▶ _Material supplied_
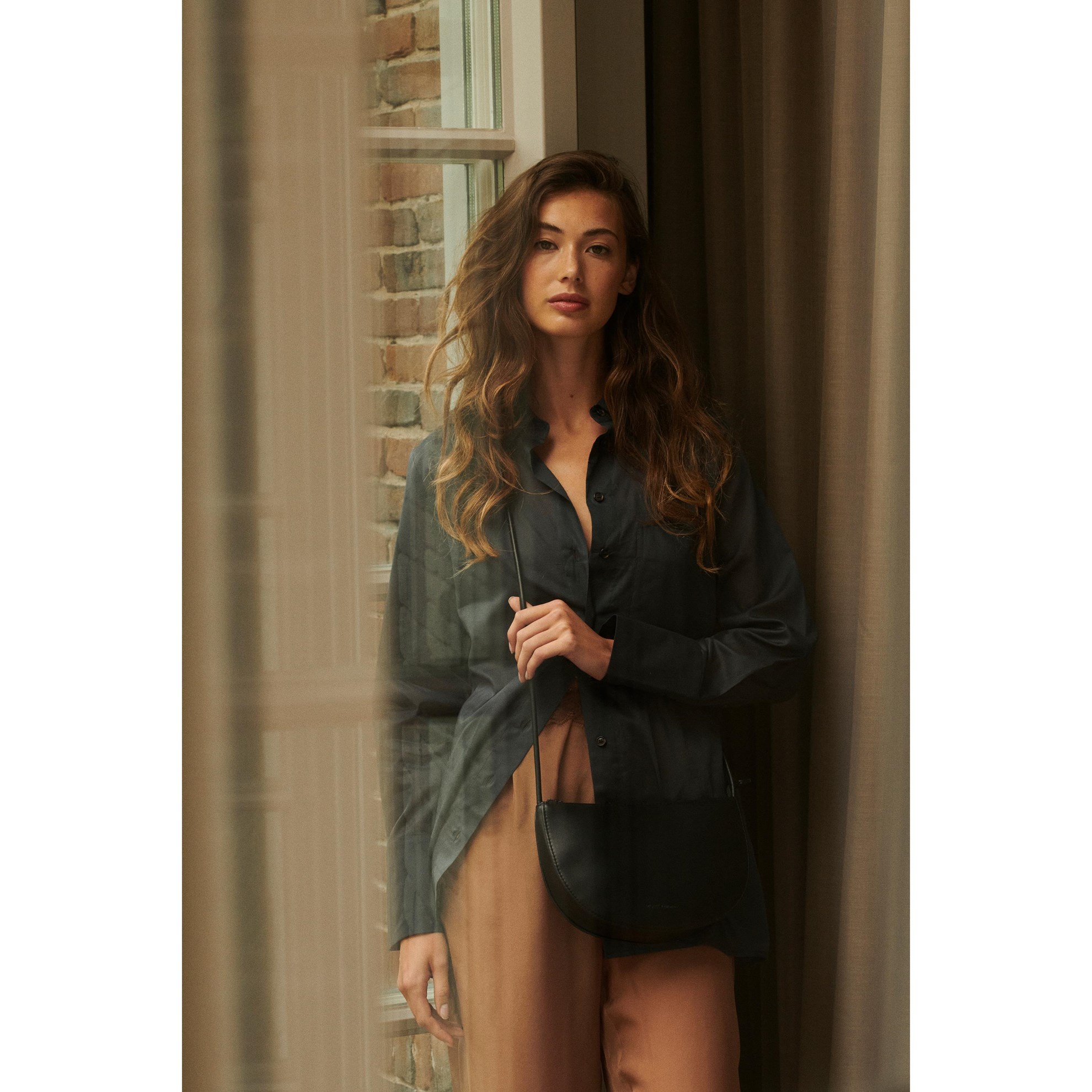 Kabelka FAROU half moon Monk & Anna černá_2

---

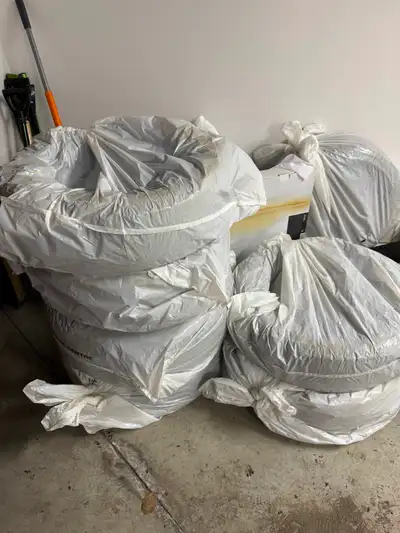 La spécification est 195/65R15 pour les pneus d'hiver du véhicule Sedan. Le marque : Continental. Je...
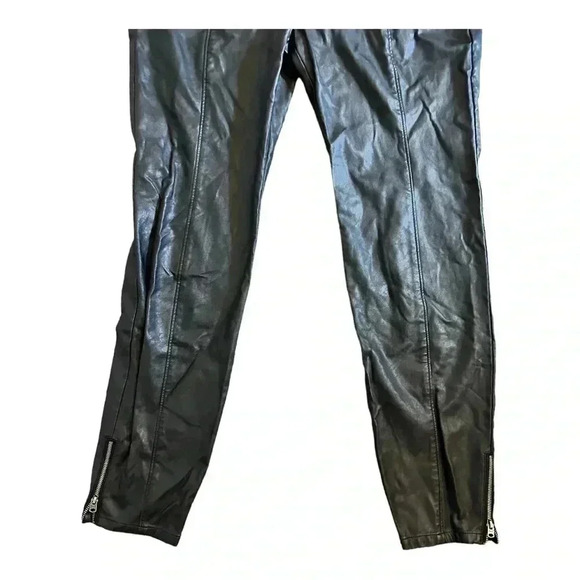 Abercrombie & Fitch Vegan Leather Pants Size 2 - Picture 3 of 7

▶ _Task description_
Pictures excluded, give again exactly and only the lines of the material above from the line with "La spécification est" through the line with "Abercrombie & Fitch".

▶ _Task output_
 La spécification est 195/65R15 pour les pneus d'hiver du véhicule Sedan. Le marque : Continental. Je...
 Abercrombie & Fitch Vegan Leather Pants Size 2 - Picture 3 of 7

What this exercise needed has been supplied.